Petro me miró. Si nos poníamos tan pesimistas como aquella furcia barata, acabaríamos dándonos por vencidos. Tal vez ni siquiera hubiésemos empezado. Quizá no deberíamos haberlo hecho pero, en esos momentos, nos encontrábamos metidos de lleno en ello. Sin que dijera nada, adiviné que quería que los vigiles interrogasen de nuevo a Pía con la esperanza de que le metieran miedo en el cuerpo. La calle del Cíclope en la que vivía debía pertenecer al Sector Primero o al Segundo; no lo sabía seguro, pero los límites discurrían cerca de Porta Metrovia, al final de la calle. Todo aquel territorio pertenecía a la Quinta Cohorte. Si no se habían enterado de que Rubella había suspendido a Petro, éste podría conseguirlo mediante una petición «oficial».

No teníamos ningún incentivo para continuar, y tratar con aquella chica resultaba muy doloroso. Cuando ya nos marchábamos, se echó a llorar, horrorizada.

—Lo que han dicho de Asinia, ¿no será verdad?
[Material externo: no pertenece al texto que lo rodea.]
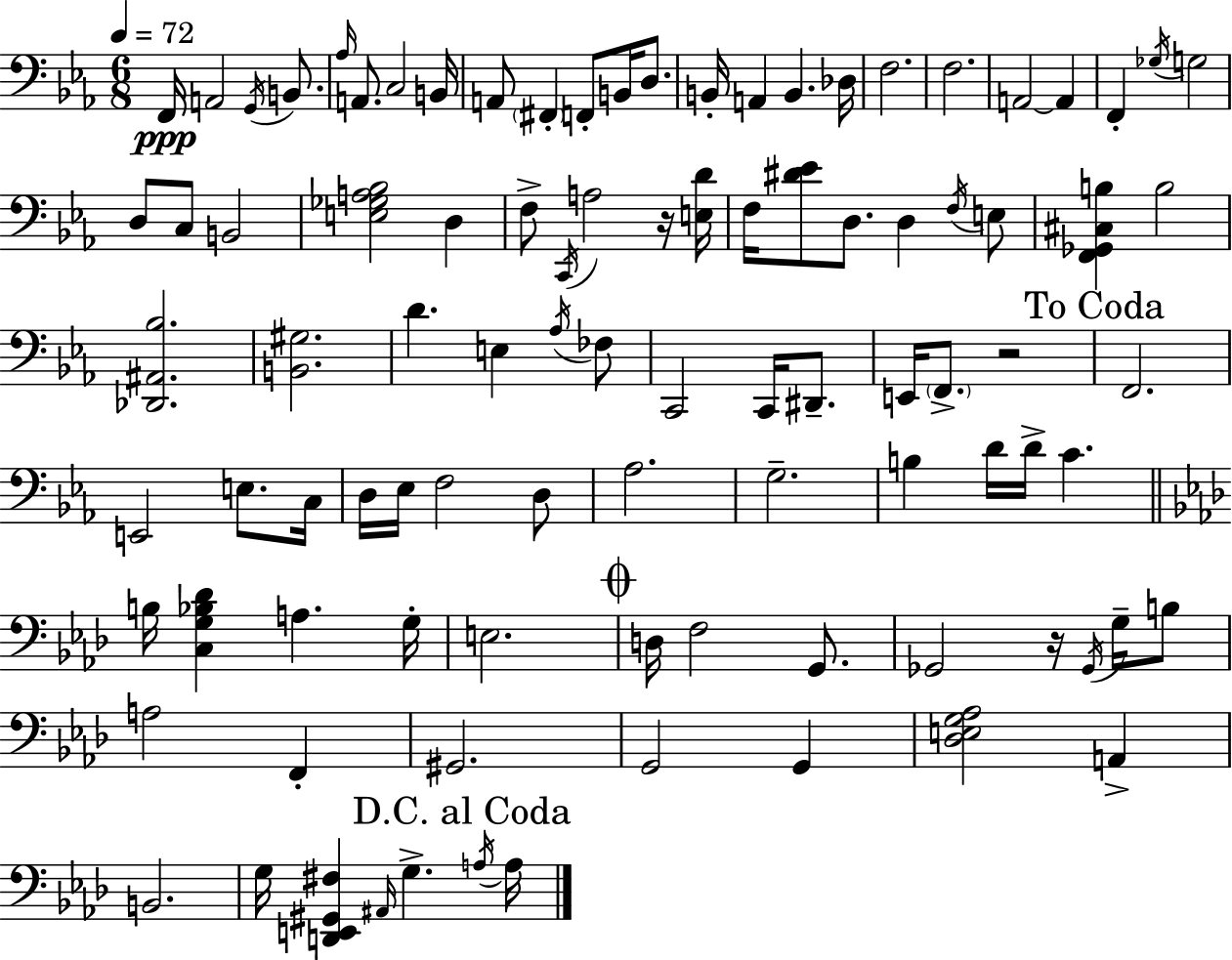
X:1
T:Untitled
M:6/8
L:1/4
K:Eb
F,,/4 A,,2 G,,/4 B,,/2 _A,/4 A,,/2 C,2 B,,/4 A,,/2 ^F,, F,,/2 B,,/4 D,/2 B,,/4 A,, B,, _D,/4 F,2 F,2 A,,2 A,, F,, _G,/4 G,2 D,/2 C,/2 B,,2 [E,_G,A,_B,]2 D, F,/2 C,,/4 A,2 z/4 [E,D]/4 F,/4 [^D_E]/2 D,/2 D, F,/4 E,/2 [F,,_G,,^C,B,] B,2 [_D,,^A,,_B,]2 [B,,^G,]2 D E, _A,/4 _F,/2 C,,2 C,,/4 ^D,,/2 E,,/4 F,,/2 z2 F,,2 E,,2 E,/2 C,/4 D,/4 _E,/4 F,2 D,/2 _A,2 G,2 B, D/4 D/4 C B,/4 [C,G,_B,_D] A, G,/4 E,2 D,/4 F,2 G,,/2 _G,,2 z/4 _G,,/4 G,/4 B,/2 A,2 F,, ^G,,2 G,,2 G,, [_D,E,G,_A,]2 A,, B,,2 G,/4 [D,,E,,^G,,^F,] ^A,,/4 G, A,/4 A,/4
—Por desgracia lo es. —Petro se apoyó en el umbral de la puerta y puso los pulgares en el cinturón—. ¿No quieres decirnos nada más?

—No sé nada más —respondió Pía en tono de desafío.

Salimos y cerramos la puerta despacio. Petronio Longo bajó con firmeza los primeros tramos de las hediondas escaleras, luego se detuvo unos instantes y lo miré. Se mordía el dedo con aire meditabundo.

—Esa furcia estúpida miente —dijo.

XXXII

Petro y yo nos separamos en la puerta del edificio donde vivía Pía. Tal como esperaba, quería ir a charlar con la Quinta Cohorte. Su cuartel general estaba justo al final de aquella calle y muy cerca del depósito del Arco de Dolabella. Le sugerí que les pidiera que, cada noche, al terminar los juegos, vigilasen a conciencia por si acaso el asesino se dedicaba a contaminar las aguas justo ante sus narices.

—Muy bien, pero no necesito que me escribas el discurso de lo que debo decirles.

—Sólo unas cuantas cuestiones retóricas, socio.

—Eres un entrometido. —Volvió a adoptar un aire pensativo. Luego, en tono casi de desafío, añadió—: Mira, Falco, si Pía no está mintiendo en algo yo soy el Coloso de Rodas.

—Tú lo que eres es un testarudo colosal —sonreí, y como ya casi habíamos llegado al cuartel general de la Quinta, lo dejé, para qué continuar la farsa de representar a su propia cohorte. Aparecer con un investigador sería una señal inequívoca de que trabajaba por su cuenta.

La calle del Cíclope se encontraba a dos manzanas de distancia de la calle del Honor y la Virtud, otro destartalado y adecuadamente bautizado santuario para prostitutas con pasmosos historiales, entre ellas Marina, el excéntrico bollito que había sido novia de mi fallecido hermano y había dado a luz a Marcia. Yo me responsabilicé de Marina, ya que ella había dejado claro que no tenía intenciones de ser responsable de ella misma.

Como estaba tan cerca de lo que parecía inevitable, me obligué a ir a verlas a ambas.

Fue inútil. Tendría que haber sabido que lo sería mientras durasen los juegos. Marina había ido al circo, a un lugar en el que había doscientas mil personas. Debía de haber dejado a Marcia en algún sitio. Apenas encontré a nadie a quien poder preguntar, y de esos pocos nadie me pudo contar nada. Dejé mensajes para avisar a Marina de que había un tipo peligroso que secuestraba mujeres en su zona. Ella no haría caso, pero si creía que yo patrullaba en las cercanías haciendo un trabajo de vigilancia, tal vez se asustaría y cuidaría más de mi sobrina.